La questione riguarda la tutela del domicilio aziendale, che la Corte europea dei diritti dell’uomo (CEDU) ha equiparato a quello dell’abitazione privata, etichettando di conseguenza le prassi ispettive italiane troppo sbilanciate a favore dello Stato. L’amministrazione finanziaria, in molti casi, autorizzava se stessa all’accesso senza un controllo terzo e indipendente, violando quel livello di protezione che spetterebbe a ogni sede.
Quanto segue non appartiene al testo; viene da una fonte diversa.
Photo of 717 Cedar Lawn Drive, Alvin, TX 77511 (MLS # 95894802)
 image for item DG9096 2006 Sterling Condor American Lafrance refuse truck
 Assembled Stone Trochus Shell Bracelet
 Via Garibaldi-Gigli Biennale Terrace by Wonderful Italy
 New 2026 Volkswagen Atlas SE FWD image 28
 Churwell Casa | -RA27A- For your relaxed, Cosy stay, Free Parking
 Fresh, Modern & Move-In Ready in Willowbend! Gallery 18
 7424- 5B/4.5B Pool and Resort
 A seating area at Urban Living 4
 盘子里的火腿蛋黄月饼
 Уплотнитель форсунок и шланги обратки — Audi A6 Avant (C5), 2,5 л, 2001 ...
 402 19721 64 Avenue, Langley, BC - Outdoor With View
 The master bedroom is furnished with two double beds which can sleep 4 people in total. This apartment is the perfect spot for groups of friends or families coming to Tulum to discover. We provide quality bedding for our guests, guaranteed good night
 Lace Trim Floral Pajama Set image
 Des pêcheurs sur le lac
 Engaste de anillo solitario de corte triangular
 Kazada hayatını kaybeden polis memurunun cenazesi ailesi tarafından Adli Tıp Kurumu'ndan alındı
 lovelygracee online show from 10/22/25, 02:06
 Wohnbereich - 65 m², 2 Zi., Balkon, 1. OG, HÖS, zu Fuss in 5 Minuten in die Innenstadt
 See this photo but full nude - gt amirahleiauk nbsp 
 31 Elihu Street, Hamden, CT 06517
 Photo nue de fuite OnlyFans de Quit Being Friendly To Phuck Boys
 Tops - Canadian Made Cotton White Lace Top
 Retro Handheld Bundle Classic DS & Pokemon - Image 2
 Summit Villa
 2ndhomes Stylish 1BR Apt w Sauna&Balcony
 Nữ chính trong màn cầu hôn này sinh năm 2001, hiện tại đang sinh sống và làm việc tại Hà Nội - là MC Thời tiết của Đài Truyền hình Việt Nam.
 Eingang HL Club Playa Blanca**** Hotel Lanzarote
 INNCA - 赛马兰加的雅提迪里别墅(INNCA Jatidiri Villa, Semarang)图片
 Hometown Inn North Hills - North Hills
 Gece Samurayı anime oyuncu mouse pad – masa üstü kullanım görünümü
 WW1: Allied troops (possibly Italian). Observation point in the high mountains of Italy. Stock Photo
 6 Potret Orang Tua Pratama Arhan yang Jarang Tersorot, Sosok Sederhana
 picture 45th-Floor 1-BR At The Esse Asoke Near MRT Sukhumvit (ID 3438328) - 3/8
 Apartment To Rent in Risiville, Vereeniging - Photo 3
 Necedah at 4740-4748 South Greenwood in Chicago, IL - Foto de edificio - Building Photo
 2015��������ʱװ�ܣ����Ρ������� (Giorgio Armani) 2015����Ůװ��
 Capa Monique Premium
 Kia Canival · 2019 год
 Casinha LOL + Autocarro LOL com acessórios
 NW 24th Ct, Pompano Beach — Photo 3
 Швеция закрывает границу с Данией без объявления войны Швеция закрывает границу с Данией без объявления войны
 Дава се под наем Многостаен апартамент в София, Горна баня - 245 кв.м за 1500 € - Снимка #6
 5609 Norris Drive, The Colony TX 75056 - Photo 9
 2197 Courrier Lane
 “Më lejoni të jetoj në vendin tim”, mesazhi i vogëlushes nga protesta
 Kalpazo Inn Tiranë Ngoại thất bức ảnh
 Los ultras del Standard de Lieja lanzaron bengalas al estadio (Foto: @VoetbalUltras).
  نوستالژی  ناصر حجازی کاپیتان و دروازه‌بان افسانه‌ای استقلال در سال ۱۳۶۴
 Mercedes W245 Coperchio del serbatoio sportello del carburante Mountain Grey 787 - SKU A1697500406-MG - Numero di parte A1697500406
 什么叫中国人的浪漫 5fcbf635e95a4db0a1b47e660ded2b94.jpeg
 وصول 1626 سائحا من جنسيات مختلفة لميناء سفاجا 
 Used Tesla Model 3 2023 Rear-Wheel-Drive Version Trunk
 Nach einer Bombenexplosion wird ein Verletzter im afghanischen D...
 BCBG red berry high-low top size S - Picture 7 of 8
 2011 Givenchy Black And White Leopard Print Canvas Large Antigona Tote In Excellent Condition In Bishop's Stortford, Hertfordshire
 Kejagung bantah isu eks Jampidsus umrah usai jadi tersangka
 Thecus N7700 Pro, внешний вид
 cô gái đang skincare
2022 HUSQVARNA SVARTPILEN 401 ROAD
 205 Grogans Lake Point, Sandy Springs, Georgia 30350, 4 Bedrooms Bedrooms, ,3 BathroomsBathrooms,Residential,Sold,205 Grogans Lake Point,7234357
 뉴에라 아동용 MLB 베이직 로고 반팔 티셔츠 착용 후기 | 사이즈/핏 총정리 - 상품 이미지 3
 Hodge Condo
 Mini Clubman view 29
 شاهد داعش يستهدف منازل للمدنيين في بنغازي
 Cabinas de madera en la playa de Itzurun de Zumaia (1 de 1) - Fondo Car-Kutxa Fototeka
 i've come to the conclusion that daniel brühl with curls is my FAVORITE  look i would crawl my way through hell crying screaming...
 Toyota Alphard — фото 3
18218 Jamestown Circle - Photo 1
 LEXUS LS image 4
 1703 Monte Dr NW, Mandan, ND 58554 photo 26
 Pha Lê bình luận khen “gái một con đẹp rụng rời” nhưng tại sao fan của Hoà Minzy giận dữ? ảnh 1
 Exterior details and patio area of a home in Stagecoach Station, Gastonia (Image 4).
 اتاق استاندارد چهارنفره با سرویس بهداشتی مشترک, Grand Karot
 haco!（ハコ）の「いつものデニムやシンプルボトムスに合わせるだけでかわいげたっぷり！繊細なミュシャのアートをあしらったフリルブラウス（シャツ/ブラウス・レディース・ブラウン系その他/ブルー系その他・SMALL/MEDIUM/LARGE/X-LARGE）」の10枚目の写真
Ora, in base all’articolo 7-quinquies dello Statuto del contribuente (previsto dalla riforma del processo tributario ed entrato in vigore nel 2024) i dati, documenti ed elementi acquisiti in violazione di legge non possono essere utilizzati come base per un accertamento tributario. Per questo motivo i giudici hanno rimesso alle sezioni unite della Cassazione di stabilire se questa norma sia da considerare una regola del tutto nuova – applicabile solo dal 2024 in poi – oppure la formalizzazione di un principio già esistente nell’ordinamento, fondato sull’articolo 14 della Costituzione. Se le Sezioni Unite dovessero confermare la seconda ipotesi, gli avvisi di accertamento costruiti su accessi autorizzati senza un controllo terzo rischierebbero di crollare anche se risalgono a oltre un decennio fa.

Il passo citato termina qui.